Dish antenna at Fire Station 61 lined up on Site Summit, a little over 22 miles away

On Monday, September 25, I traveled out to Fire Station 61 in Wasilla to test connectivity and throughput with a Ubiquiti RocketDish/Rocket M3 radio to our Site Summit node.  A quick setup with the dish mounted to a tripod on the ground showed very good signal levels; about 20 db SNR.  Should have made for excellent throughput.  Unfortunately, I had virtually no throughput.  It just didn’t make sense.  I headed over to the Chevron station near Knik Goose Bay Road and Vine, and found about the same thing; good signal strength but no throughput.  I gave up and headed home to scratch my head.

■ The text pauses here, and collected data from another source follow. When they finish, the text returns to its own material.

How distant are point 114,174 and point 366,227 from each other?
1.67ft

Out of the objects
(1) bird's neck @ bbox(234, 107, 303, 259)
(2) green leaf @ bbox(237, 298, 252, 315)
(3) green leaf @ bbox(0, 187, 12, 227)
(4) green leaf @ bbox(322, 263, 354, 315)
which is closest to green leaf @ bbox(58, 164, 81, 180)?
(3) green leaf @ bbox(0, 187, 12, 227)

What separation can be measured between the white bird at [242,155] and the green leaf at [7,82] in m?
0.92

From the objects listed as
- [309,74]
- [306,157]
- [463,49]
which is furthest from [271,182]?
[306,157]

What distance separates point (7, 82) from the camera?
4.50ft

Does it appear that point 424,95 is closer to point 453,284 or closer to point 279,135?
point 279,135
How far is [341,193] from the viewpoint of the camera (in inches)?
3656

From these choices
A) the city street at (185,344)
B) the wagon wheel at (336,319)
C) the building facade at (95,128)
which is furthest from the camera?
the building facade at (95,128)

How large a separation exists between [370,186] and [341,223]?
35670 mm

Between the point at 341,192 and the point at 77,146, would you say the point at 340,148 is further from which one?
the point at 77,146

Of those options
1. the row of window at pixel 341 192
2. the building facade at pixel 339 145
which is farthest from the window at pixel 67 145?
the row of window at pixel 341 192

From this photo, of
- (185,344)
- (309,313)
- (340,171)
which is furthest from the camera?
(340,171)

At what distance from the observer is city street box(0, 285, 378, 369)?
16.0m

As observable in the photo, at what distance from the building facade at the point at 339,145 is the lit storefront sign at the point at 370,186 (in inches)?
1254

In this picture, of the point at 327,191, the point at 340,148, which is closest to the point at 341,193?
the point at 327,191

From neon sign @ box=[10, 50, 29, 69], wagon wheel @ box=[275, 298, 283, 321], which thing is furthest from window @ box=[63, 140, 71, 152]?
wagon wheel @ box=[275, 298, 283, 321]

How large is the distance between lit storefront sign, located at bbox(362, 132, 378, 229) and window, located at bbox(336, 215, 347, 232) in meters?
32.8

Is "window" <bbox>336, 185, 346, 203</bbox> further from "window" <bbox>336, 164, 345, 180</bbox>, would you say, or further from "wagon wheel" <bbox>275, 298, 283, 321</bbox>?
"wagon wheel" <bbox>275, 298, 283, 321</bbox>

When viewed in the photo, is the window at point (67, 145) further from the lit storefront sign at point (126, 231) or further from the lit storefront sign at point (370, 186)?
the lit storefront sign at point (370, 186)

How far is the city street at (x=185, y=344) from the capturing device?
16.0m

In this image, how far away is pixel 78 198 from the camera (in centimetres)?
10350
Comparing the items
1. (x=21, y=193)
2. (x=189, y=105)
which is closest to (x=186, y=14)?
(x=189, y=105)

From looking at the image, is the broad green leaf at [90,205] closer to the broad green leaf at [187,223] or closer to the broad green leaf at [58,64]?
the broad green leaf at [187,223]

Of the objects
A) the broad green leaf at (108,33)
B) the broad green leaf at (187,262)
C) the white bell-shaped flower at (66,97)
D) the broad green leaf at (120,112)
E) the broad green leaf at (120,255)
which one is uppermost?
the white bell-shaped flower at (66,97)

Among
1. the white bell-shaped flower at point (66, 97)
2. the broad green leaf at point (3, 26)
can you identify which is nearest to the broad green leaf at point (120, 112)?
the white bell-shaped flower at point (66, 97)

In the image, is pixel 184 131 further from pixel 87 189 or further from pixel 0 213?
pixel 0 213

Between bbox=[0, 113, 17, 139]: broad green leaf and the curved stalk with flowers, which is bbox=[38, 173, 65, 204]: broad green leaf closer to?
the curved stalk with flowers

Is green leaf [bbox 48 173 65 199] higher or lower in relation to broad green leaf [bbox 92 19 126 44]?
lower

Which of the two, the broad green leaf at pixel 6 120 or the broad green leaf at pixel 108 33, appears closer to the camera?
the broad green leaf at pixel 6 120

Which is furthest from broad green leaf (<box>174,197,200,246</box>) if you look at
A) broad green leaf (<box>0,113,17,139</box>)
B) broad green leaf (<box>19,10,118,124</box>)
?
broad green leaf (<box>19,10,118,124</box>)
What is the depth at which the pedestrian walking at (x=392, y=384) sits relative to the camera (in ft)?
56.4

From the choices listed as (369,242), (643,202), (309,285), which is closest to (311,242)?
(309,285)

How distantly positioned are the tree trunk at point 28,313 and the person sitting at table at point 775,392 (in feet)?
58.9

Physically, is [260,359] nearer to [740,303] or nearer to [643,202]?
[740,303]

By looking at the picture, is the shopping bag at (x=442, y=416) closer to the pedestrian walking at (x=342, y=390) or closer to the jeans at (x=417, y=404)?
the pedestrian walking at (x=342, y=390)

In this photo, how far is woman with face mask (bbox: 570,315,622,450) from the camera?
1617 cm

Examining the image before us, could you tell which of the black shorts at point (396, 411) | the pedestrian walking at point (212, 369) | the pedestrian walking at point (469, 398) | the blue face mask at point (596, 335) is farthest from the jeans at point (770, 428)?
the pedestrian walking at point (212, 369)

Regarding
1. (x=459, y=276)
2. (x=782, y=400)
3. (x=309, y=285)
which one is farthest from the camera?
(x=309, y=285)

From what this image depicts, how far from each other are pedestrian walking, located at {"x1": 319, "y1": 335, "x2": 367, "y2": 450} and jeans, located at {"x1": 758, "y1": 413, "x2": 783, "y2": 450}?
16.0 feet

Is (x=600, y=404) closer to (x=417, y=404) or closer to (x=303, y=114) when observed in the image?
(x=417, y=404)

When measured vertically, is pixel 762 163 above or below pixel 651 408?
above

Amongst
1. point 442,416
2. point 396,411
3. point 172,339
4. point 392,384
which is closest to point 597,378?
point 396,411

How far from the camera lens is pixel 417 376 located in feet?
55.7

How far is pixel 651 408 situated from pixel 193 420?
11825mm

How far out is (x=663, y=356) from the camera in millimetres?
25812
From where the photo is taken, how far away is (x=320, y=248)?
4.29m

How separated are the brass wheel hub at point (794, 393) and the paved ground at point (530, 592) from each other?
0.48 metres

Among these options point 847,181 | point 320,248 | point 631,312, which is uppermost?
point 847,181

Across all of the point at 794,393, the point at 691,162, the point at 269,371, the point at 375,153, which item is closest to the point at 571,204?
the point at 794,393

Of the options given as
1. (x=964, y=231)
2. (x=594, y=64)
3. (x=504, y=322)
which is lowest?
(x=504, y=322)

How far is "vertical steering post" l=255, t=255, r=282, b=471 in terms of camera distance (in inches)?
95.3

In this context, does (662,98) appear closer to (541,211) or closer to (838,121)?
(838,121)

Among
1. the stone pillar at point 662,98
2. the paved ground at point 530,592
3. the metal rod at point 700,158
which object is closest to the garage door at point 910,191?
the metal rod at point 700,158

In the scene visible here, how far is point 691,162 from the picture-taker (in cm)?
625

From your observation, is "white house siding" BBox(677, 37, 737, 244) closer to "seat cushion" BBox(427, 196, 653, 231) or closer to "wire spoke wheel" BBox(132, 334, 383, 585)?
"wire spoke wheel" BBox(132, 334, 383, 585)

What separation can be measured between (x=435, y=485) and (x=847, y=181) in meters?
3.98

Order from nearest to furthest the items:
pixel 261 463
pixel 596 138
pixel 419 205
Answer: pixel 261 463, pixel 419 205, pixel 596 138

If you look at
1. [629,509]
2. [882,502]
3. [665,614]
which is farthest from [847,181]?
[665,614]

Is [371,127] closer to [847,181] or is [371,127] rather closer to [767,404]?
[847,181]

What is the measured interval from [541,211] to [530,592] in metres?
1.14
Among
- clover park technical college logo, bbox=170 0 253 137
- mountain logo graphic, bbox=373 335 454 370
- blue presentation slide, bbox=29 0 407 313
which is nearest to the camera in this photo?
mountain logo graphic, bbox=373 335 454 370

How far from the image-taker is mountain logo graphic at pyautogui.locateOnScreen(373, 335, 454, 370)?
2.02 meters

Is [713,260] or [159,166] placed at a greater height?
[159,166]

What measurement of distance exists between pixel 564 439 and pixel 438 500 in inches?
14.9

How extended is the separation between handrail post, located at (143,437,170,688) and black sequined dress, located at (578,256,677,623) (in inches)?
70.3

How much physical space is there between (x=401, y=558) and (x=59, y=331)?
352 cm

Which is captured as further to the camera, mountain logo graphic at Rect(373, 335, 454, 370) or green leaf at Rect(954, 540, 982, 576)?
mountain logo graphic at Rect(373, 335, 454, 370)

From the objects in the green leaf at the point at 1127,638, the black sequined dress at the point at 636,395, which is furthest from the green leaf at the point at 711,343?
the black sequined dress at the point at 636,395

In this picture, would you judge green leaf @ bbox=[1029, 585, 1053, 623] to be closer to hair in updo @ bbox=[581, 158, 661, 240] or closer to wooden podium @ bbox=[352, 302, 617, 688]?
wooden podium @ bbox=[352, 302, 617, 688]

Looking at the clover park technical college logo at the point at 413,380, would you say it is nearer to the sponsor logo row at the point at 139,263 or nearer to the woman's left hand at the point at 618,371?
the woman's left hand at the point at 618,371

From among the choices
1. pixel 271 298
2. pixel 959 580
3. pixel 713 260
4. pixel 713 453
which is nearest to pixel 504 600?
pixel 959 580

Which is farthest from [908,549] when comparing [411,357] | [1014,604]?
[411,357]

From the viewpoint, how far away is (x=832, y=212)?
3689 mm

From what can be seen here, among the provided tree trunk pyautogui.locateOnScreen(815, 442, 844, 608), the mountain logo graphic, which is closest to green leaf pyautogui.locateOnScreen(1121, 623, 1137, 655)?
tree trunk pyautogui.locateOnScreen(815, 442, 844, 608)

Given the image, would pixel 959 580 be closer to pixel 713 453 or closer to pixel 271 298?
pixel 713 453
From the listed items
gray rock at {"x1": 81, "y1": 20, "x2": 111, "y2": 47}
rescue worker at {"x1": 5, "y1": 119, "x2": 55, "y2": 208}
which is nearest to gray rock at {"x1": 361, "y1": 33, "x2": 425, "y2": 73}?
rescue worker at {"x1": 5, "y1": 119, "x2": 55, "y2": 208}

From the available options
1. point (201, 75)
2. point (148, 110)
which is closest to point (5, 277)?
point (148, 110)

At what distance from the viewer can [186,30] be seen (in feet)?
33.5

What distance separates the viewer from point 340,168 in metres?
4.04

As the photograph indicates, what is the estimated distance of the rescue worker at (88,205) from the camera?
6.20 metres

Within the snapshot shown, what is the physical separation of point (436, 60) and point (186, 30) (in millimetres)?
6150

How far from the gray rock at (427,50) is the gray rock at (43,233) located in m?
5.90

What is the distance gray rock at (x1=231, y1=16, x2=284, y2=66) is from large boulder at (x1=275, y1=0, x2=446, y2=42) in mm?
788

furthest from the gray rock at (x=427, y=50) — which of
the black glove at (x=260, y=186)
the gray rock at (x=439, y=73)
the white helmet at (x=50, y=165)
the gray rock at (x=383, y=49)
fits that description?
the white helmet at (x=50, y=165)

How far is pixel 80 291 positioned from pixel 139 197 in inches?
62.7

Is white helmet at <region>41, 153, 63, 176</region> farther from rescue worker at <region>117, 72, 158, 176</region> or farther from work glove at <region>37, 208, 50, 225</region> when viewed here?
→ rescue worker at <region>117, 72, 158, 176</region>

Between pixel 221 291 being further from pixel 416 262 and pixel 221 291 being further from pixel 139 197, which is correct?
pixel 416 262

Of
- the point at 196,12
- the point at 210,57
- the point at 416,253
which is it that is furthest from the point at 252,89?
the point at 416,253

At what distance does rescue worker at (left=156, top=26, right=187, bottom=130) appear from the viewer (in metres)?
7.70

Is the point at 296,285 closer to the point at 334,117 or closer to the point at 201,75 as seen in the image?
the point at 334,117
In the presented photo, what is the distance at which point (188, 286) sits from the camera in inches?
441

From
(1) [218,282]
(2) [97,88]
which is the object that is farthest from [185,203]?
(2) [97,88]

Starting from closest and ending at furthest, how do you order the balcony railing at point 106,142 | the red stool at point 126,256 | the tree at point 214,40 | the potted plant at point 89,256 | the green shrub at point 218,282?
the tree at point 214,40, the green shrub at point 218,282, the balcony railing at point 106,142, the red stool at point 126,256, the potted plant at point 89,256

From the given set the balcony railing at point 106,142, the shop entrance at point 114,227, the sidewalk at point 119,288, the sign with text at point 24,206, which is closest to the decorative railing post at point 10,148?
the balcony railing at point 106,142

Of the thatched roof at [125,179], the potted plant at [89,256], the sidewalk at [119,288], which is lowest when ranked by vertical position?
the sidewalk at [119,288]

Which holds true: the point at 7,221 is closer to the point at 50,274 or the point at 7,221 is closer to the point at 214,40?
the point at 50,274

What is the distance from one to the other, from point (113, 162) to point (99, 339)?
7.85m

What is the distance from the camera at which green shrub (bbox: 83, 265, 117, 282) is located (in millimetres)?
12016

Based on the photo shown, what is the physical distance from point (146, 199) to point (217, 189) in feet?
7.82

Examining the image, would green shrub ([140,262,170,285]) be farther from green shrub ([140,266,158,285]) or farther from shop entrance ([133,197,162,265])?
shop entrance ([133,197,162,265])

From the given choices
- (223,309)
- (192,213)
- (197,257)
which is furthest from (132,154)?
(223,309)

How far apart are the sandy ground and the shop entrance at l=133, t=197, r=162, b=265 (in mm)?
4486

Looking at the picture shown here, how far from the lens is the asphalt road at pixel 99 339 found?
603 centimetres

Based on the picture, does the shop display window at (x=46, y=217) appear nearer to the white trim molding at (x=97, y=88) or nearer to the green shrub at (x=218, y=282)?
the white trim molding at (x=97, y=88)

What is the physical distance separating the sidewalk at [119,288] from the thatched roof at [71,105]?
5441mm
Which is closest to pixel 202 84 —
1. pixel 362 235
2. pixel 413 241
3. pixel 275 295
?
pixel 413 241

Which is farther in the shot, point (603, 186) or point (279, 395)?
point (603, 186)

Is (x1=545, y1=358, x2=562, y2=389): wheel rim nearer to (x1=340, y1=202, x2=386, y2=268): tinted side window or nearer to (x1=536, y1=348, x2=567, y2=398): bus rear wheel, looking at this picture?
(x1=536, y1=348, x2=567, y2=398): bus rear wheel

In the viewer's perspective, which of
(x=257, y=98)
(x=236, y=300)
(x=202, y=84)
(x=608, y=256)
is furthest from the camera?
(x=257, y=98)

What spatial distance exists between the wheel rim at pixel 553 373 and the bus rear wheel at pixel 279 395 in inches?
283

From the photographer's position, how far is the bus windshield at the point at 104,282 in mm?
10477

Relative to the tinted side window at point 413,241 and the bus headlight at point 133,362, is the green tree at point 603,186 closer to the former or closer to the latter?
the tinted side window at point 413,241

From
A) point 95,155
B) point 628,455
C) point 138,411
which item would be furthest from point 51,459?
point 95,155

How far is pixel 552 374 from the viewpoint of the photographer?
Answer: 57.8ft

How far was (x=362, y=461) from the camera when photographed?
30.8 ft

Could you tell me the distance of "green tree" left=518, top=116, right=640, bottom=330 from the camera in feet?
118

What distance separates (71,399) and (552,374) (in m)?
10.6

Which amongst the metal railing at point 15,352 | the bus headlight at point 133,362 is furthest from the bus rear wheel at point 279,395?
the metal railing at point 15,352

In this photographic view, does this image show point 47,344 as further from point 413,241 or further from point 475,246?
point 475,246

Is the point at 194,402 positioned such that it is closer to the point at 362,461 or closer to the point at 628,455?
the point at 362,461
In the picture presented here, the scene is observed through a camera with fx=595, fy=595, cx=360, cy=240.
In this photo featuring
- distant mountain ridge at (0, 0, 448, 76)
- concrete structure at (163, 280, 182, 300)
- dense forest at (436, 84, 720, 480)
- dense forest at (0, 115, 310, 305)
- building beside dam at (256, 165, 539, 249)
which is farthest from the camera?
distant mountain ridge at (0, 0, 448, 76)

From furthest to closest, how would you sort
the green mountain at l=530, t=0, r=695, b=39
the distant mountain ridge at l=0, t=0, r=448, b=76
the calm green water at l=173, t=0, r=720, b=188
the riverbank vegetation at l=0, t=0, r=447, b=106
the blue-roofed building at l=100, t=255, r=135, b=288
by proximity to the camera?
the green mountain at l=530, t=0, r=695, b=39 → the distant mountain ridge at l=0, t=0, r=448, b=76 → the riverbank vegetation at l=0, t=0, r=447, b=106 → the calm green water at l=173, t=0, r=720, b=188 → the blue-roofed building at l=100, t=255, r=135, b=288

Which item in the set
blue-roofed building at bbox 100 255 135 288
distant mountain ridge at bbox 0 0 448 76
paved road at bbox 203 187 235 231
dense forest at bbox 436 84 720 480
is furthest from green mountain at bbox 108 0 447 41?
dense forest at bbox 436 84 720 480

I gave Tom Delker, K1KY, a call in Tennessee.  Tom has been our mentor for all matters MESH and is a mover and shaker in the AREDN MESH world.  He clued me in real quickly.  I had forgotten to consider the “distance” setting on each of the radios.  The distance setting effectively controls the latency on the transmit/receive cycle.  If the latency is too long (or distance setting set too long), you’ll end up with throughput, but its speed won’t be maximized.  If the distance setting is set too short (effectively shortening the latency period), you’ll get virtually no throughput.  When I made a check of the radios in question, that’s exactly what I found.  The distance parameters were set to about 10 miles on each unit, so neither radio would listen for the other radio long enough after each packet for a reply; they’d effectively re-transmit too soon.

I made the necessary distance parameter changes (about 22 miles between Site Summit and Fire Station 61), and voila, excellent throughput!  It’s great when a plan comes together!

Signal level from Fire Station 61 to Site Summit

 

 


Throughput at 36.2 Mbps from Fire Station 61 to Site Summit

Today I did a bit of testing from the west side of Lake Hood to Site Summit and our two Hillside Nodes and found excellent signal strength and throughput as well. 

Signal level from west side of Lake Hood to Hillside North node

Bottom line is that the RocketDish units linking with our 120 degree High-Gain Sectors really work well together.  We now know for sure that we’ve got good path and connectivity availability between Anchorage and Wasilla on the MESH and look forward to our friends in the Valley joining the MESH.